I run an ongoing AMA (ask me anything) on GitHub where folks can drop questions. Give it a try! Occasionally I’ll post topics here that I think a wider audience might be interested in.
Today’s AMA question is:
How did you become a Microsoft MVP? What does it take to be an MVP? Is MVP a stepping stone to working at MS? How else does it benefit your career?
This is an interesting question because it has a lot of angles and is bound to be personal and contextual. Microsoft has a lot of MVPs operating across a wide variety of areas, so I can’t presume to speak for others or for the program officially.
I’ll try to take your questions one at a time.
How did you become a Microsoft MVP?
There are multiple, answers to this one – all of them likely true to some degree:
- Someone nominated me, others agreed I had potential, and I went through a process of detailing contributions I’d made to the community in the past year. Then, a committee consisting of folks at MS agreed I’d met the contribution threshold for being an MVP, and gave me the award.

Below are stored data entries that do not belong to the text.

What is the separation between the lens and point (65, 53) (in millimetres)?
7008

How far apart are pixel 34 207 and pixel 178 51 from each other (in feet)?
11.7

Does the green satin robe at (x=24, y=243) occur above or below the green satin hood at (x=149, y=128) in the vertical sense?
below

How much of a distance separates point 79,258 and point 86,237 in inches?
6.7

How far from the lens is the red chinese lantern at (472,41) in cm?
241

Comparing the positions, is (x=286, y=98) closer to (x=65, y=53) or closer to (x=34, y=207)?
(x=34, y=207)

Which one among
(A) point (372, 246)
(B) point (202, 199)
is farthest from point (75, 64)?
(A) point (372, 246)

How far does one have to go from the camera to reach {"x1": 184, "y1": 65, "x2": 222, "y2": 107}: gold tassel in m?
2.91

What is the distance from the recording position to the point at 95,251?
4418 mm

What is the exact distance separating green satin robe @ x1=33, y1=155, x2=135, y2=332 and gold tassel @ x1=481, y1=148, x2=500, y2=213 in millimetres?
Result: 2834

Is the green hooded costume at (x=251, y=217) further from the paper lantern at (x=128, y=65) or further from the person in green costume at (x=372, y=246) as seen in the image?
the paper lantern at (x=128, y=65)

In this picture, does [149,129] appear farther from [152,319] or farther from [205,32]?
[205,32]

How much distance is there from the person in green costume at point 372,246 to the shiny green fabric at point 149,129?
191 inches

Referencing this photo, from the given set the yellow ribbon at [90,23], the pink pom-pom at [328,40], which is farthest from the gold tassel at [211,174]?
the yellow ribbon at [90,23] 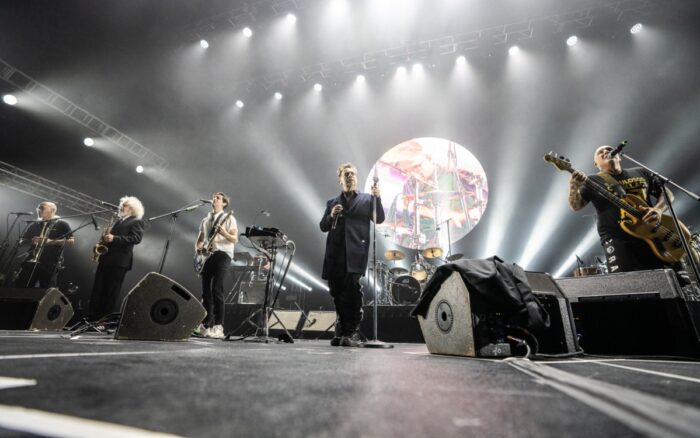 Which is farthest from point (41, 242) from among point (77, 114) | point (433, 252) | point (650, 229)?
point (650, 229)

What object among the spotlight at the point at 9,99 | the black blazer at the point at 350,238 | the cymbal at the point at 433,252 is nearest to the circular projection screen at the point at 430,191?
the cymbal at the point at 433,252

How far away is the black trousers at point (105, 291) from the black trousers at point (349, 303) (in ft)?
8.64

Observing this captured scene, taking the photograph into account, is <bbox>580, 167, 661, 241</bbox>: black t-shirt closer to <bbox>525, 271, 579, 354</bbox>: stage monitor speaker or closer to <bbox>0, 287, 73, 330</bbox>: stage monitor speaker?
<bbox>525, 271, 579, 354</bbox>: stage monitor speaker

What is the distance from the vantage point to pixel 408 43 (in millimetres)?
6566

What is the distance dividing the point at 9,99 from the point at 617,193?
8962 mm

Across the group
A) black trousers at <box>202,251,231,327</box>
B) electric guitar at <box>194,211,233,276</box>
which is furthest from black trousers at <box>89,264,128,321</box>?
black trousers at <box>202,251,231,327</box>

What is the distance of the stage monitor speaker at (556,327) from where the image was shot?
6.86 ft

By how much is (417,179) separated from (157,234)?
7.42 m

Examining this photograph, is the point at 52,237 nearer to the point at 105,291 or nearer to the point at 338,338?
the point at 105,291

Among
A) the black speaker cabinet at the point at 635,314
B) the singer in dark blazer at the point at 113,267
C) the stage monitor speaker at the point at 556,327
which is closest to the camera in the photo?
the black speaker cabinet at the point at 635,314

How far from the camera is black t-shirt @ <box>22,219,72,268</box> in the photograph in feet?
15.8

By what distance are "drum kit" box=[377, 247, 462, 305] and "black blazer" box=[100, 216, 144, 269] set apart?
4.32m

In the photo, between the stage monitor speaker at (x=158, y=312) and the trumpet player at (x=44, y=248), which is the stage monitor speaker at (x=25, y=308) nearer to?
the trumpet player at (x=44, y=248)

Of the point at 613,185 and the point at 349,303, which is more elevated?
the point at 613,185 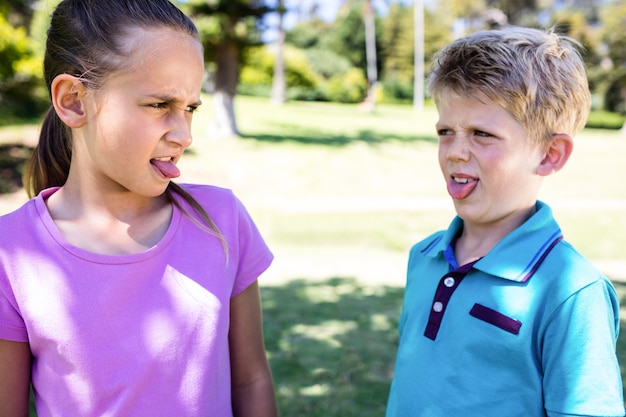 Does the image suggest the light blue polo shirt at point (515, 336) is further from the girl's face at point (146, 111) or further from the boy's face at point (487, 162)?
the girl's face at point (146, 111)

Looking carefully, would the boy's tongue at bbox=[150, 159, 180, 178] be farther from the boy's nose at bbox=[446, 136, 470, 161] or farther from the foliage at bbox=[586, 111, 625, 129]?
the foliage at bbox=[586, 111, 625, 129]

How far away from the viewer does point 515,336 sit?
1.48 metres

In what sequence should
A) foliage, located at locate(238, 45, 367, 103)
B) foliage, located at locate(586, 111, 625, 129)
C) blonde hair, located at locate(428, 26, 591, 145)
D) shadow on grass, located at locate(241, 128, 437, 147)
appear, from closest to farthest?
blonde hair, located at locate(428, 26, 591, 145), shadow on grass, located at locate(241, 128, 437, 147), foliage, located at locate(586, 111, 625, 129), foliage, located at locate(238, 45, 367, 103)

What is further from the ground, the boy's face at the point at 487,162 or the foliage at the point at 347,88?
the boy's face at the point at 487,162

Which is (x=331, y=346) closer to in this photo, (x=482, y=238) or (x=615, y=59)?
(x=482, y=238)

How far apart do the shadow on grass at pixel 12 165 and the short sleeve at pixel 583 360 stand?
1130cm

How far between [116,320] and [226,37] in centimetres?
1532

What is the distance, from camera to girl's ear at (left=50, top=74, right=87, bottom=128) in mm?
1374

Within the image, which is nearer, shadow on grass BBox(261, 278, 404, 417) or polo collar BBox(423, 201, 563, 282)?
polo collar BBox(423, 201, 563, 282)

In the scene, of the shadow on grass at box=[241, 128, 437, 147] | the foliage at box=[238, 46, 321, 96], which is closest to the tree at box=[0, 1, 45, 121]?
the shadow on grass at box=[241, 128, 437, 147]

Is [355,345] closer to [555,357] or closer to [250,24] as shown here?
[555,357]

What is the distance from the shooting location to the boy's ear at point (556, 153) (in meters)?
1.68

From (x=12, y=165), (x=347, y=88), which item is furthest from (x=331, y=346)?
(x=347, y=88)

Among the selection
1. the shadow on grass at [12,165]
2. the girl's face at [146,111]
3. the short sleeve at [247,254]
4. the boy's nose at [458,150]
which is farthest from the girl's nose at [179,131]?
the shadow on grass at [12,165] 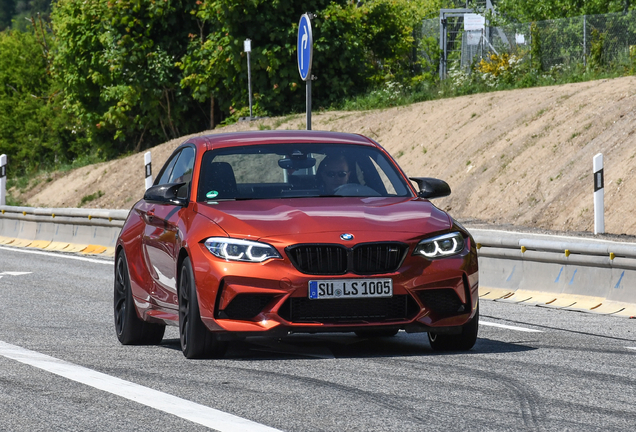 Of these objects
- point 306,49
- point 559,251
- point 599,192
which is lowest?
point 599,192

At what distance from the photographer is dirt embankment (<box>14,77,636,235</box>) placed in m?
20.9

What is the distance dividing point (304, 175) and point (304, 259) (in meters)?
1.25

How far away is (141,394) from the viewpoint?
6.43 meters

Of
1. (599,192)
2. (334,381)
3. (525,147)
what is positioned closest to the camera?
(334,381)

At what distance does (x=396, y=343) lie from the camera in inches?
348

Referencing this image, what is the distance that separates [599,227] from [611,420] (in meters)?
11.7

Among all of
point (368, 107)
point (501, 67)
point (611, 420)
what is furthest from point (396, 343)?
point (368, 107)

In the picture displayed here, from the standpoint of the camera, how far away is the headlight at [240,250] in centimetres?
750

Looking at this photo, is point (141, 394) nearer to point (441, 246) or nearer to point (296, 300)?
point (296, 300)

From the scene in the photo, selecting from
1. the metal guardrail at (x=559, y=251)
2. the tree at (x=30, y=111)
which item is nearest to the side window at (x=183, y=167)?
the metal guardrail at (x=559, y=251)

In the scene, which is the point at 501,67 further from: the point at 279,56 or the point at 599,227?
the point at 599,227

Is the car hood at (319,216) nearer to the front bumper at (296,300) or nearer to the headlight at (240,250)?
the headlight at (240,250)

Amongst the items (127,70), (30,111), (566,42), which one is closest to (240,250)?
(566,42)

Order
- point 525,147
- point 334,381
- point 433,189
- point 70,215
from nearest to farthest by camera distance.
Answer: point 334,381 → point 433,189 → point 70,215 → point 525,147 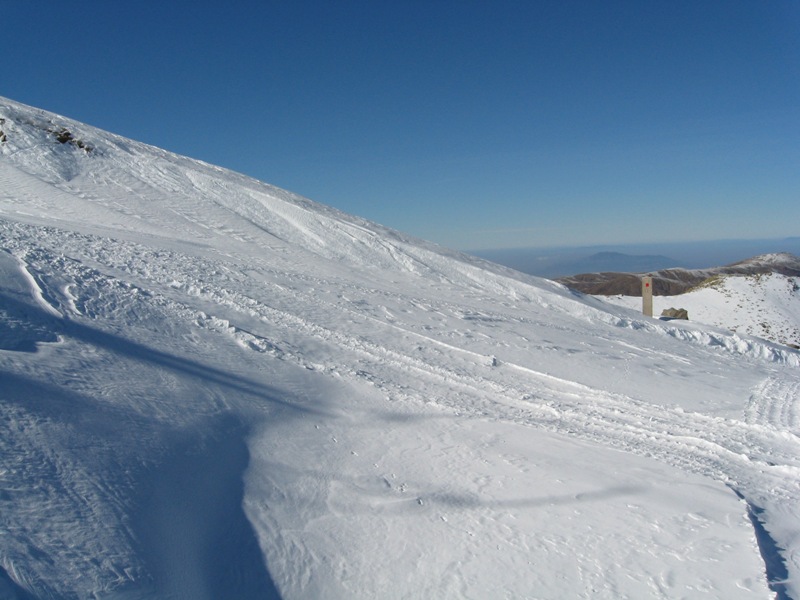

- I believe a few existing MVPs may have put in a good word for me throughout the process. These are people I’ve interacted with for some time, over the course of years. I know a few people who sent multiple messages, and I’m grateful.
- Last year, I was almost elected to the .NET Foundation Board of Directors because my vision for the Foundation resonated with a lot of people (this year I decided not to run). I think running for the Foundation and the platform I presented raised my profile a little bit more.
- People knew me, or are starting to know me, because I’ve spoken at a lot of events, which again raised my profile a bit.
- Lastly, I care about the community a lot. I’m continuously trying to get involved, blogging, speaking, contributing to projects, and attempting to be a good and thoughtful developer citizen in the .NET space.
Who’s to say how much each of those items factored in? I can’t know. I have no idea if there’s a formula, as this is the first time I’ve received the award. We’ll see how next year goes; between a pandemic and being a new dad, my bandwidth for contributions has been significantly limited.
My perspective on it is to treat it as additional validation of the effort I’ve put into caring about the .NET community. It was wonderful to know that this was noticed and that others found it valuable enough to receive the designation. It is a wonderful feeling. There are plenty of people who deserve to be MVPs who aren’t. And if I’m not renewed next year, I’d be sad but it also wouldn’t stop me from contributing to the community, blogging, etc. – I love this stuff.
To say I didn’t seek it isn’t quite right. For a long time, I hoped it would just happen. But when I realized I had to be nominated, I mentioned to a few people that I was interested in the program. Some thought I was already an MVP (a nice feeling!) but others understood that the process has to be initiated.
What Does it Take to be an MVP?
- I think one of the things I’ve seen is that it’s a bit of a black box.
- I know part of it is the overlap with Microsoft’s interests and the audience one reaches. (they’re a company after all; there’s something in it for them. And that seems reasonable.)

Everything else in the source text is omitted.